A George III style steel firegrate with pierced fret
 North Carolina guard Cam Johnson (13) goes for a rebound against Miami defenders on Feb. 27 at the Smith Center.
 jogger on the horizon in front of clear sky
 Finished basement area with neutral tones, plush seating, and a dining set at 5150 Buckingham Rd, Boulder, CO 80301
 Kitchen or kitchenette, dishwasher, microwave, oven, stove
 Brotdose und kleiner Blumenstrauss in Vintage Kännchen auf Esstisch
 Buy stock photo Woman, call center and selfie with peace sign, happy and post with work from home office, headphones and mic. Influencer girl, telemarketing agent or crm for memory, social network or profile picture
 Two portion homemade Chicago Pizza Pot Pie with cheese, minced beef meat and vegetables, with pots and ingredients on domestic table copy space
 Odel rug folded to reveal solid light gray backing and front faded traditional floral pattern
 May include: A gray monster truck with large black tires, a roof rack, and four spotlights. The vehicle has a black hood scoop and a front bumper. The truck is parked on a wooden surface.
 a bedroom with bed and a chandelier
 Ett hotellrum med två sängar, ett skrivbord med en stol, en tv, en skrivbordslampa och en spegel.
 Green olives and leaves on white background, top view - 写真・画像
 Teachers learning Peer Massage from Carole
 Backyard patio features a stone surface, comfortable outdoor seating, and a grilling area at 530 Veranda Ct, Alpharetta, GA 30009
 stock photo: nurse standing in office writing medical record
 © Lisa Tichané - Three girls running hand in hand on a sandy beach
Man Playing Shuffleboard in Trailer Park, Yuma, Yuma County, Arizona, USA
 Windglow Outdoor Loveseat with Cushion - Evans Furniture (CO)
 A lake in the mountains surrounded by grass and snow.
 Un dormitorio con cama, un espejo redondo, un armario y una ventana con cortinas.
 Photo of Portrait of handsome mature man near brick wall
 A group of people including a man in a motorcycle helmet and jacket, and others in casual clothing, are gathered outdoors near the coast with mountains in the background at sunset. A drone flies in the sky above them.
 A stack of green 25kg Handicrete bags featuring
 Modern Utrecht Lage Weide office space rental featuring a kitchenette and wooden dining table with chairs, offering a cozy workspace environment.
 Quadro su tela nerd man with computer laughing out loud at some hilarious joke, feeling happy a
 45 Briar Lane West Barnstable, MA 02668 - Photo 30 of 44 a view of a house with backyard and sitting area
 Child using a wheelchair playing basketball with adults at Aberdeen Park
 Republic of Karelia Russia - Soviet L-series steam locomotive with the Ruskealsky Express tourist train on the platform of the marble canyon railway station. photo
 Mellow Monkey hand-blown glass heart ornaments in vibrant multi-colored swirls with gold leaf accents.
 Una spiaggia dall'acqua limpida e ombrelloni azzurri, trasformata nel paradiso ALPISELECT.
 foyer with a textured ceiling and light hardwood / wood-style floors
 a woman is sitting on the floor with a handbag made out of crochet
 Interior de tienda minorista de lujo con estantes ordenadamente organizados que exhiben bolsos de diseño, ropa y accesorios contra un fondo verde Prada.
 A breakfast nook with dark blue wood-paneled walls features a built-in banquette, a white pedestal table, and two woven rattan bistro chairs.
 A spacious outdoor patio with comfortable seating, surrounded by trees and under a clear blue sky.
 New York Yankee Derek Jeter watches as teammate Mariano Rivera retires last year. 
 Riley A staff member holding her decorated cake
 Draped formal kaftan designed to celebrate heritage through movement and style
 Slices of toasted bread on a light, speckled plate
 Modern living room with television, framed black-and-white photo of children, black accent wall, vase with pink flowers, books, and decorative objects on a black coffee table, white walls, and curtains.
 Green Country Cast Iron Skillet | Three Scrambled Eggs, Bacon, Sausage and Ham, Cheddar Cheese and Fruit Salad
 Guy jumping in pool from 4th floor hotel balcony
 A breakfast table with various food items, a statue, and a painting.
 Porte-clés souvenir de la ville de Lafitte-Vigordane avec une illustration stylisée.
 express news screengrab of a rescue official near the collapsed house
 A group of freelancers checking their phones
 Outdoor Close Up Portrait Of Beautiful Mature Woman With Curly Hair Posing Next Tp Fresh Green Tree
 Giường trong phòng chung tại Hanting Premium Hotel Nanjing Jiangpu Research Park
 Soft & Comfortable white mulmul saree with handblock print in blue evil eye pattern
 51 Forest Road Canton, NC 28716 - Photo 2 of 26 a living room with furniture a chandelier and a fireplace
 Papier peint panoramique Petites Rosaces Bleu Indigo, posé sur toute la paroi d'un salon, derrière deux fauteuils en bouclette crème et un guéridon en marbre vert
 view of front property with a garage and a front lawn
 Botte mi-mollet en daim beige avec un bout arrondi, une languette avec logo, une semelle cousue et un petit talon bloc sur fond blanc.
☆ ☆ ☆ ☆
> Exercise prompt
Your answer must consist solely of the lines above between the line holding "Republic of Karelia" and the line holding "A group of freelancers checking their phones", inclusive, copied exactly.

> Response area
 Republic of Karelia Russia - Soviet L-series steam locomotive with the Ruskealsky Express tourist train on the platform of the marble canyon railway station. photo
 Mellow Monkey hand-blown glass heart ornaments in vibrant multi-colored swirls with gold leaf accents.
 Una spiaggia dall'acqua limpida e ombrelloni azzurri, trasformata nel paradiso ALPISELECT.
 foyer with a textured ceiling and light hardwood / wood-style floors
 a woman is sitting on the floor with a handbag made out of crochet
 Interior de tienda minorista de lujo con estantes ordenadamente organizados que exhiben bolsos de diseño, ropa y accesorios contra un fondo verde Prada.
 A breakfast nook with dark blue wood-paneled walls features a built-in banquette, a white pedestal table, and two woven rattan bistro chairs.
 A spacious outdoor patio with comfortable seating, surrounded by trees and under a clear blue sky.
 New York Yankee Derek Jeter watches as teammate Mariano Rivera retires last year. 
 Riley A staff member holding her decorated cake
 Draped formal kaftan designed to celebrate heritage through movement and style
 Slices of toasted bread on a light, speckled plate
 Modern living room with television, framed black-and-white photo of children, black accent wall, vase with pink flowers, books, and decorative objects on a black coffee table, white walls, and curtains.
 Green Country Cast Iron Skillet | Three Scrambled Eggs, Bacon, Sausage and Ham, Cheddar Cheese and Fruit Salad
 Guy jumping in pool from 4th floor hotel balcony
 A breakfast table with various food items, a statue, and a painting.
 Porte-clés souvenir de la ville de Lafitte-Vigordane avec une illustration stylisée.
 express news screengrab of a rescue official near the collapsed house
 A group of freelancers checking their phones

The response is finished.